No longer fighting the waters
Recently a friend said that her medication was “working”, and she was experiencing a new-found desire for being social. She was concerned about this cheerfulness overtaking the intense creativity and sensitivities she has come to treasure. I had harbored these very concerns before. Many of you may wonder about the same: will medication therapy “change your personality” especially the creative and sensitive part?
I am not talking about overt “apathy”, a severe numbness that has been listed as a side effect of various psychotropics including antidepressants. Rather, I am talking about a change toward a hopeful attitude and a positive outlook. This change is what medical professionals would describe as ” medication kicking in”. Will this change come at the expense of creativity?
It may be helpful to describe what “medication kicking in” feels like: You feel as if someone has flipped a switch and the world looks more likeable. You stop dreading being alive. You do not become a chatterbox, but you open up a little more, and talk a little more - and you enjoy this connecting to other people. You feel good in people’s company. You like yourself when you are with other people. You like yourself when you are alone.
I don’t know what “normal” is and I wonder if anyone really knows; “normal” is subjective. “Normal” can be a physical and mental standard of well-being that is measurable by tests. Many of those tests, however, are subjective. Some degrees of depression is normal as a response: we need to be able to express depression when confronted with a depressing situation. Grief and sadness accompanying loss are completely “normal” even when a grieving person displays many of the symptoms of a depressed person: change in appetite, sleeping patterns, outlook on life, feelings about self and the world.
Depression becomes “abnormal” when it persists for longer than “usual”. How long is too long? Six weeks? Six months? This can depends on the situation causing a depressed mood. However, living in a constant state of despair can begin to injure our other states of being. Our physical body becomes weak from neglect. Depression suppresses immune functions, making us vulnerable to diseases (and that begets more depressed mood). Our mental body becomes an enemy that tortures us with self loathing. Our emotional body becomes an unpredictable outlet.

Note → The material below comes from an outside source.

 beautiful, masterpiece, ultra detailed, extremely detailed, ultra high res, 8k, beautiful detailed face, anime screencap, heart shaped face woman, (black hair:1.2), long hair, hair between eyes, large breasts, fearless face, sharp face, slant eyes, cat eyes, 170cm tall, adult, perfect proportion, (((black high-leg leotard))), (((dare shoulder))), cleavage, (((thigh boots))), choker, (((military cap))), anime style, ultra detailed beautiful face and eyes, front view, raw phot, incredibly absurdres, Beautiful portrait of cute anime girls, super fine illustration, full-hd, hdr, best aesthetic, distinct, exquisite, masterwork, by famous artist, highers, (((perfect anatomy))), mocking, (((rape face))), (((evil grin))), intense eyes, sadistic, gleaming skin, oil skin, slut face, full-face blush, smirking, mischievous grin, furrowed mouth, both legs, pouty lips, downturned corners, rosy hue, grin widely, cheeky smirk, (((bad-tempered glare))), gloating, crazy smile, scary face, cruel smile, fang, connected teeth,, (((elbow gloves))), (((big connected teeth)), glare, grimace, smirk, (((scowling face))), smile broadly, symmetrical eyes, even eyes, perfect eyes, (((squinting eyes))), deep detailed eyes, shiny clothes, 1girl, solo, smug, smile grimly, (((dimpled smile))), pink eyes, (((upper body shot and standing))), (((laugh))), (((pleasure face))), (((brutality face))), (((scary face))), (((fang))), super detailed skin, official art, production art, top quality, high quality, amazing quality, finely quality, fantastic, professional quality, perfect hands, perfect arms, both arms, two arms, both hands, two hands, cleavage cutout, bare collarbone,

When depression persists in the lack of a continual stimulus, it has assumed “a life of its own”. This is when depression takes over our lives, and it warrants help and treatment. An analogy may be drawn with a cancerous growth. Cancer cells persist in the lack of a continual stimulus, growing when they should not grow. Early detection and treatment of cancer improves survival. Early detection and treatment of depression improves survival.
We may write prolifically and appear more creative when we were depressed. These expressions had remained our only outlets to communicate when we had shut ourselves off from the world. When I had revisited my writing during a depressed state, I was amazed at how dark and depressing my writing was. Poignant? Sensitive? Yes, but overshadowed by despair and dread permeating each sentence.
As we proceed along therapy, we may stop writing continuously about pain or suffering or hurt or betrayal or fear. This does not mean we are no longer inspired. Instead, we may be experiencing a different way of being alive. Since for many of us, we were rather new at “feeling alive”, we may want to stop writing and just “live”.
Normalcy is not superficiality. Being “creative” does not require pain or despair. In time, you will begin to explore the depths of your new perspective. You can still evoke the intensity of feeling or passion that you had evoked when you were depressed. When depression no longer acts as your master, but serves you as it should as an emotional response to a situation, you can choose how to feel about the situation.
Depression was being on a boat in stormy waters. You were in constant fear of capsizing. Normalcy is being on calm waters. You can sit still and rest, because the boat was no longer rocking. At first, the water may seem was too quiet, everything may seem too quiet. Then, you re-shift your focus from this new quietness, and look to the horizon for all the places you can go and explore.
Let the quietness come. Let the living come. Let the joy come. Let the changes come. Creativity was never a part of the “temporary”. Creativity is always a part of you. Depression was always a part of the “temporary” and is never a part of you. You can now sit back and enjoy the scenery instead of fighting the waters.